• Assignment
Only one stretch of the records below is wanted: the lines from the one holding "Peñafort Rosatti" through the one holding "Camisa Feminina Ibiza". Return it exactly, both ends included.

• Supplied material
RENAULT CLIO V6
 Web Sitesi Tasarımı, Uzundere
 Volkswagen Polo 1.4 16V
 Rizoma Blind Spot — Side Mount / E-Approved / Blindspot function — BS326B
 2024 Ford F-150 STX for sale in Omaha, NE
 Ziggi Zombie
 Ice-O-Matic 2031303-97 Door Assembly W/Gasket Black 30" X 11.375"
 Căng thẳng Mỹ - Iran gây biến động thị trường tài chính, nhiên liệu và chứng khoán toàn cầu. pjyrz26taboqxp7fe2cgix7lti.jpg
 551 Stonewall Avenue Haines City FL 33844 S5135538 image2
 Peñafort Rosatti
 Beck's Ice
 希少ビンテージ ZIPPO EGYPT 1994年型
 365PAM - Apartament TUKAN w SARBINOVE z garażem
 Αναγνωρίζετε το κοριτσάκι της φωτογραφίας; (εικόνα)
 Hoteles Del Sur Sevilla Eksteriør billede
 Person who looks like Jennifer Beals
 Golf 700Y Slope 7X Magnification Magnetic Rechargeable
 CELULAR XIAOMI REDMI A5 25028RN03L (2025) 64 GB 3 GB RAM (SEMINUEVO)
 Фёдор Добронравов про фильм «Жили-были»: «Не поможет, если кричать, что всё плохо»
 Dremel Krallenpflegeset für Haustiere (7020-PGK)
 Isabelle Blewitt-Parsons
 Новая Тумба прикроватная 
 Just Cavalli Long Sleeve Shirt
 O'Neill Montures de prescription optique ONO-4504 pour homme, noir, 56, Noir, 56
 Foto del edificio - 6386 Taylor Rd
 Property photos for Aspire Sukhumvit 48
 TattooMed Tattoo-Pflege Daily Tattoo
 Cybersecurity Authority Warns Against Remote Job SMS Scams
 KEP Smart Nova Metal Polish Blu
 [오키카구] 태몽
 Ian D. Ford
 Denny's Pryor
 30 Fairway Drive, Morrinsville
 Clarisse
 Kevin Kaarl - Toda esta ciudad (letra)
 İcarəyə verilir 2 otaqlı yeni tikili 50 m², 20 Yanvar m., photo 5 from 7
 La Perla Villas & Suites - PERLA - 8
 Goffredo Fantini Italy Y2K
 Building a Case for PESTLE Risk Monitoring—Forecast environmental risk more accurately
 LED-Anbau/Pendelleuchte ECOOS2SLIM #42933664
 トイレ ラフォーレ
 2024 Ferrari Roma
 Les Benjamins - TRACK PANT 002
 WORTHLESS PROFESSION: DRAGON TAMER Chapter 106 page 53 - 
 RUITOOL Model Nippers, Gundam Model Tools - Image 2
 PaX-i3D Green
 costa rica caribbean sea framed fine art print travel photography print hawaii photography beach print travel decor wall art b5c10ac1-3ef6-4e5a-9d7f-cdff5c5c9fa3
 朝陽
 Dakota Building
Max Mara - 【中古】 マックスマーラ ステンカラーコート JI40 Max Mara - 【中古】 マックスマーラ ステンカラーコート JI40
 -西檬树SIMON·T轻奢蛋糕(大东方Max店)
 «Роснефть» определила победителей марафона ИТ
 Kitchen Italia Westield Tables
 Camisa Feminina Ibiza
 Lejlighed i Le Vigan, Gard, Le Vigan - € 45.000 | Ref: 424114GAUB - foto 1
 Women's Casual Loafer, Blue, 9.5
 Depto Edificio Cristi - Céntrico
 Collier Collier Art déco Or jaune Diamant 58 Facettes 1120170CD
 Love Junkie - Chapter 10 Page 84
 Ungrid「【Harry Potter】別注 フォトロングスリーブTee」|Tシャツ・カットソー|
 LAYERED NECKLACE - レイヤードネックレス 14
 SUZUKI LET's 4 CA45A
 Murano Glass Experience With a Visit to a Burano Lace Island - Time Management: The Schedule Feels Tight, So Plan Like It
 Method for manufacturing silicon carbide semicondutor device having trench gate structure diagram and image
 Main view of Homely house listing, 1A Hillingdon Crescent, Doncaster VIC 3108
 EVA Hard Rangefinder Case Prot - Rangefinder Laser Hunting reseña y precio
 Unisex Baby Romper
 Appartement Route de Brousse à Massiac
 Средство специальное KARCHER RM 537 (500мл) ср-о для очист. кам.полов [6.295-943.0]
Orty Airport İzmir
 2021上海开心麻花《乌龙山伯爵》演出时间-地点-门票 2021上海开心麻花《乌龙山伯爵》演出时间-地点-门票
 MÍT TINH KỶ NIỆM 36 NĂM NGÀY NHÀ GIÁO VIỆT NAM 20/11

• Solution to the problem
 Peñafort Rosatti
 Beck's Ice
 希少ビンテージ ZIPPO EGYPT 1994年型
 365PAM - Apartament TUKAN w SARBINOVE z garażem
 Αναγνωρίζετε το κοριτσάκι της φωτογραφίας; (εικόνα)
 Hoteles Del Sur Sevilla Eksteriør billede
 Person who looks like Jennifer Beals
 Golf 700Y Slope 7X Magnification Magnetic Rechargeable
 CELULAR XIAOMI REDMI A5 25028RN03L (2025) 64 GB 3 GB RAM (SEMINUEVO)
 Фёдор Добронравов про фильм «Жили-были»: «Не поможет, если кричать, что всё плохо»
 Dremel Krallenpflegeset für Haustiere (7020-PGK)
 Isabelle Blewitt-Parsons
 Новая Тумба прикроватная 
 Just Cavalli Long Sleeve Shirt
 O'Neill Montures de prescription optique ONO-4504 pour homme, noir, 56, Noir, 56
 Foto del edificio - 6386 Taylor Rd
 Property photos for Aspire Sukhumvit 48
 TattooMed Tattoo-Pflege Daily Tattoo
 Cybersecurity Authority Warns Against Remote Job SMS Scams
 KEP Smart Nova Metal Polish Blu
 [오키카구] 태몽
 Ian D. Ford
 Denny's Pryor
 30 Fairway Drive, Morrinsville
 Clarisse
 Kevin Kaarl - Toda esta ciudad (letra)
 İcarəyə verilir 2 otaqlı yeni tikili 50 m², 20 Yanvar m., photo 5 from 7
 La Perla Villas & Suites - PERLA - 8
 Goffredo Fantini Italy Y2K
 Building a Case for PESTLE Risk Monitoring—Forecast environmental risk more accurately
 LED-Anbau/Pendelleuchte ECOOS2SLIM #42933664
 トイレ ラフォーレ
 2024 Ferrari Roma
 Les Benjamins - TRACK PANT 002
 WORTHLESS PROFESSION: DRAGON TAMER Chapter 106 page 53 - 
 RUITOOL Model Nippers, Gundam Model Tools - Image 2
 PaX-i3D Green
 costa rica caribbean sea framed fine art print travel photography print hawaii photography beach print travel decor wall art b5c10ac1-3ef6-4e5a-9d7f-cdff5c5c9fa3
 朝陽
 Dakota Building
Max Mara - 【中古】 マックスマーラ ステンカラーコート JI40 Max Mara - 【中古】 マックスマーラ ステンカラーコート JI40
 -西檬树SIMON·T轻奢蛋糕(大东方Max店)
 «Роснефть» определила победителей марафона ИТ
 Kitchen Italia Westield Tables
 Camisa Feminina Ibiza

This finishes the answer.